Property website Zoopla has unveiled a rebrand which hopes to reflect the “complexity of the home buying process”.
Brand consultancy Zag has designed the new look, which comprises an updated logo, change in the signature colour as well as a new visual system.
It has been designed in collaboration with Zoopla’s in-house creative team.
Zoopla was established in 2007 as a property platform for buyers, sellers, renters and landlords. It emerged as one of the leading property websites in the UK and in 2018, it was bought by a US private equity firm.
The rebrand was driven by this growth, according to Zag executive creative director Neil Cummings.
“When Zoopla launched in 2007, it was the original prop tech distruptor but the brand needed to evolve to support its huge plans for the product and digital experience,” he says.
The studio was briefed to “help Zoopla get its mojo back”, Cummings adds, and to incorporate “that human spirit, joy, warmth and playfulness that the competitors don’t have”.
It also needed a visual language that would allow customers to engage with Zoopla’s new innovations and features and “keep them engaged in a richer wider world of Zoopla content”, he says.
The underlying feature of the new design system is called Journey Lines. “The Journey Lines started life as this guiding element through the Zoopla experience,” Zag design director Dan Green says. “The way it moves and behaves was designed to visualise the home buying journey, and how Zoopla was the constant.”
This system extends to the illustration style and wider graphic language, which includes infographics and guides for customers.
The interconnecting visual style hopes to show “complexity of the home buying process”, Green adds. “The twists and turns, welcome surprises and not-so-welcome-ones, rational decisions and emotional gotta-make-it-happens that change someone’s direction completely.”
The Journey Lines system was also the inspiration for the new typeface, developed with London and Sydney-based foundry Family Type. This provides a “connected thread throughout the whole identity”, Green adds.
Designing the new logo
The redrawn wordmark uses the custom typface, while the ‘z’ icon is applied elsewhere, on merchandise like laptop stickers. There was a lot of exploration around this in the rebrand, according to Zoopla design lead Gabriel Weichert.

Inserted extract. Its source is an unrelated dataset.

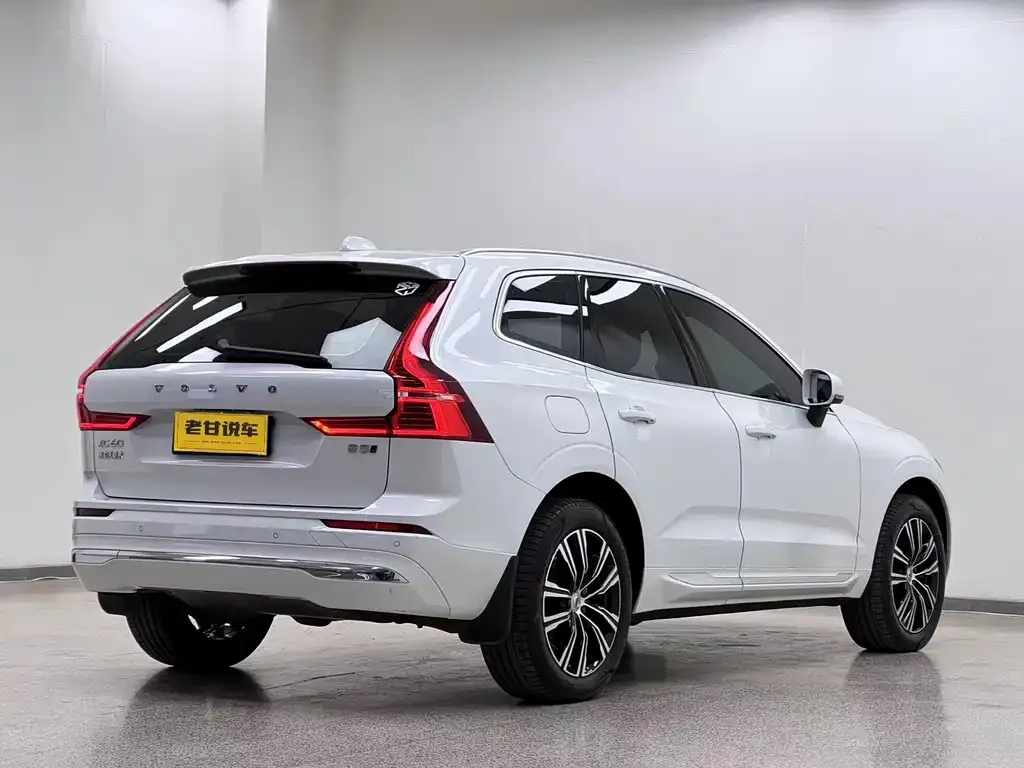 Volvo XC60 — фото 6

“We wanted to ensure the Z was still unique on its own,” he says, though the team also wanted to make sure the logo was identifiable as part of the Journey Lines concept.

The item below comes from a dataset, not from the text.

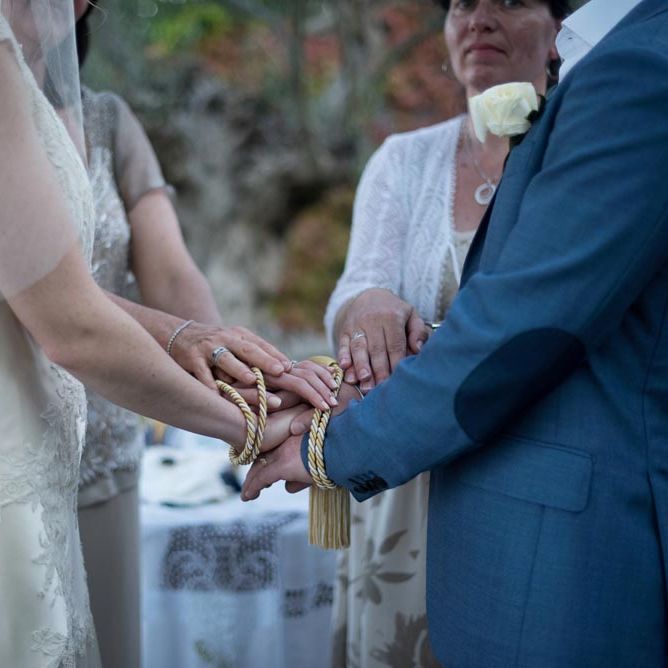 Image by <a href="https://www.giuliegiordi.com/" target="_blank">Giuli & Giordi</a>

The typeface more generally is reflective of the housebuying process as well, according to Weichert. “It’s reflected in the range of forms; sharp turns and flowing curves and the combination of upper and lower case characters,” he says.

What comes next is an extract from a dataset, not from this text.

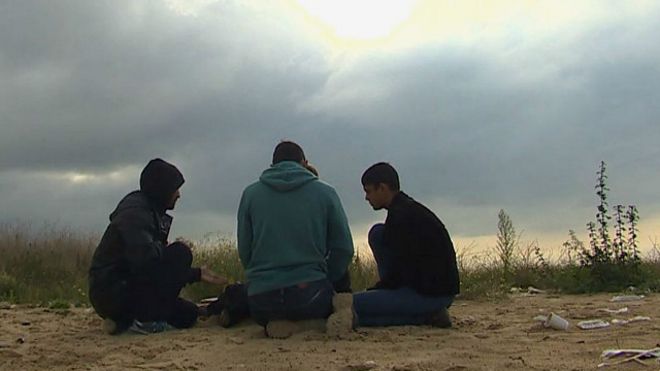 الغارديان: منظمة خيرية تهدد بمقاضاة الحكومة البريطانية لاتخاذ إجراء سريع لإيواء أطفال لاجئين في كاليه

The branding will roll out on Zoopla’s app and website, which will offer new features and products for customers, developed by the in-house design team.
One of these features is called My Home, a hub for homeowners which seeks to provide them with the skills, knowledge and insight on the property owning journey.
Building on a “purple heritage”
One of the most recognisable features of the Zoopla brand is its purple colourway and Weichert says that the shade “will continue to be core to the Zoopla brand”. It has however been adjusted for the new identity.
“We didn’t want to throw the baby out with the bathwater, as there’s a lot of equity in purple for Zoopla,” he adds. “We just wanted to give it a bit more oomph.”
As well as using a “brighter, fresher” primary tone, a secondary palette has been added to give the brand “more room to stretch and play”, Weichert says.
“We have built on our purple heritage, with a brighter, fresher tone for more cut through, and a darker more sophisticated one to connect to our more business-led audiences,” he says.
The designer says he hopes that this provides a “bit more Zoopla-iness” for the new identity.